Some economists have persistently criticised the government for not adopting the principle of keeping MSP at 50 at per cent above cost C2. Such an argument is neither based on logic nor does it looks into the implications of fixing MSP at 50 per cent above cost C2. Cost C2 is arrived at by adding the rental value of owned land and interest on fixed capital to cost A2 plus FL. On average, around 40 per cent of Cost C2 (imputed rent for own land and imputed value of family labour used in crop production) is not a cost but income to the farmer. Thus, if MSP is just equal to cost C2, it includes 40 per cent as net return for the farmers. No principle of economics tells us to award a margin on those costs which are not actually incurred.

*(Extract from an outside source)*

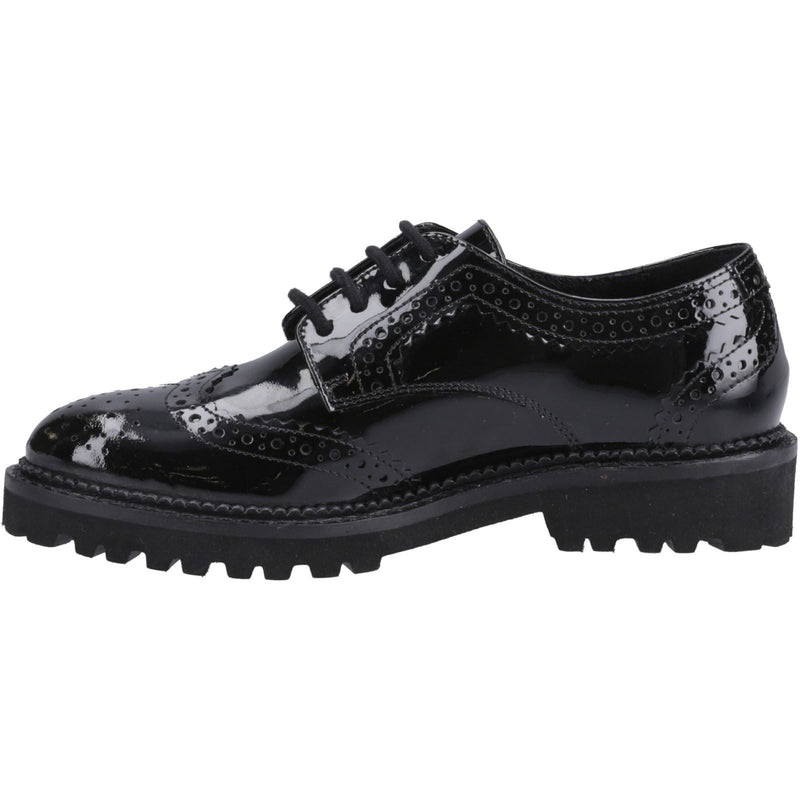 Hush Puppies Gabi Lace Up Patent Leather Youth Girl's Black Brogues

However, as own land has an opportunity cost (represented by rent), this must be covered by the MSP. It is important to mention that the MSPs approved by the Union Cabinet, based on the new criterion of 1.5 times A2+FL, have a margin over cost C2 varying from 10 per cent to 53 per cent. This clearly shows that the new criteria ensures more than 50 per cent net return to farmers over cost C2, when rent on own land and wages for family labour are treated as a return to the farmer, which indeed they are. The new MSPs announced by the government for kharif crops meet the spirit the Swaminathan Committee recommendation of 50 per cent net return over Cost C2.

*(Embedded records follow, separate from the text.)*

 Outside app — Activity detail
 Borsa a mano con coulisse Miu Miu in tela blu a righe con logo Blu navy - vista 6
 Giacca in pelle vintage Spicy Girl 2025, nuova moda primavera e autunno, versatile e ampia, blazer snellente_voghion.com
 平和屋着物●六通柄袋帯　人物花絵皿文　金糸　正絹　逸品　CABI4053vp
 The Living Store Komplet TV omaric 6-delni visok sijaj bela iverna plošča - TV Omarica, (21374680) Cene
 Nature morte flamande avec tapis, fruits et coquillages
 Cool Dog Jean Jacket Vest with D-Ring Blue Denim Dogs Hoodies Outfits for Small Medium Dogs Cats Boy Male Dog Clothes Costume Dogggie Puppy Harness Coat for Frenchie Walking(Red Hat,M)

Keeping MSP at 50 per cent above cost C2 involves an increase in the current MSP by 27-89 per cent for kharif and up to 45 per cent for rabi crops. Such a price entails a 50-100 per cent increase in the existing farm-level prices of some crops at one go. Demand-side factors at present do not support such a sharp increase in prices. In such a situation, private trade will not have any incentive to operate in the market and the entire onus of procuring the marketable surplus will come on the government, which in turn will be required to heavily subsidise the procured produce in order to dispose of it. This will make domestic prices much higher than global prices, which will strongly hit exports and make India attractive for imports. MSP fixed to 50 per cent above C2 will leave little incentive for efficiency and diversification in the crop sector.
A deeper analysis of crop costs reveals that keeping MSP 50 per cent above Cost A2 plus FL is adequate to ensure remunerative prices for farm produce with a reasonable margin. There is no logic and justification for raising MSP 50 per cent above cost C2 if this is not supported by demand and supply. Such a move involves keeping prices artificially high and cannot be sustained fiscally.
While it is desirable to intervene in the markets when they fail to deliver remunerative prices to producers, excessive intervention in prices can have serious implications for the functioning of market, fiscal resources and imports and exports. The best prices for farm produce can be realised from a competitive market. This requires regulatory reforms, institutional changes, and the development of appropriate infrastructure to promote evolution of agricultural market system.
A tendency is developing in the country — to hold the Centre responsible for the problems, and solutions, related to agricultural prices. The stakeholders need to differentiate areas for action by the Centre and the states. There is a particular need to put pressure on the states to undertake the required reforms to make agricultural markets more efficient, competitive and responsive to the needs of producers and consumers.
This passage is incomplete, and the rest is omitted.